KOTAMOBAGU – Kisruh pergantian posisi ketua DPR Kota Kotamobagu pasca ditinggalkan ketua yang lama Ahmad Sabir rupanya masih saja terus bergulir, bahkan dikabarkan pergantian itu makin tidak jelas kapan akan terjadi pengisian.
Belum diketahui apa alasannya, bahkan PAN sendiri sebagai partai pemilik kursi ketua DPRD terlihat tidak bisa berbuat apa – apa dengan pergantian ketua ini.

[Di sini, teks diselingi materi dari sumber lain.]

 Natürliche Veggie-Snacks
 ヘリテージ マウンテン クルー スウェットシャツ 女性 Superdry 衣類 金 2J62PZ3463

Sementara diketahui Surat Rekomendasi dari DPP PAN telah diterbitkan dengan Nomor PAN/A/KU-SJ/100/VIII/2018, tertanggal 29 Agustus 2018 yang ditandatangani Ketua Umum Zulkifli Hasan dan Sekjen Edi Soeparno, perihal Persetujuan Ketua DPRD dari Fraksi PAN Atasterjadi Nama Ahmad Sabir Digantikan Anugrah Begie Chandra Gobel dan dimasukan pada 17 September 2018 dengan nomor berkas 548, namun sayangnya hingga kini belum ada kejelasan.
Sekretaris DPR Kotamobagu, Husain Mamonto ketika dimintai keterangan mengatakan surat pergantian ketua DPR saat sudah diserahkan kepada dua pimpinan DPRD yakni Jelantik Mokodompit dan Diana Roring.
” Aturannyakan harus ada persetujuan dari kedua pimpinan dan surat pergantiannya kami sudah serahkan ke mereka tinggal tunggu persetujuan mereka baru setelah itu kami sebagai sekretariat DPR akan segera memprosesnya,” Tutur Mamonto.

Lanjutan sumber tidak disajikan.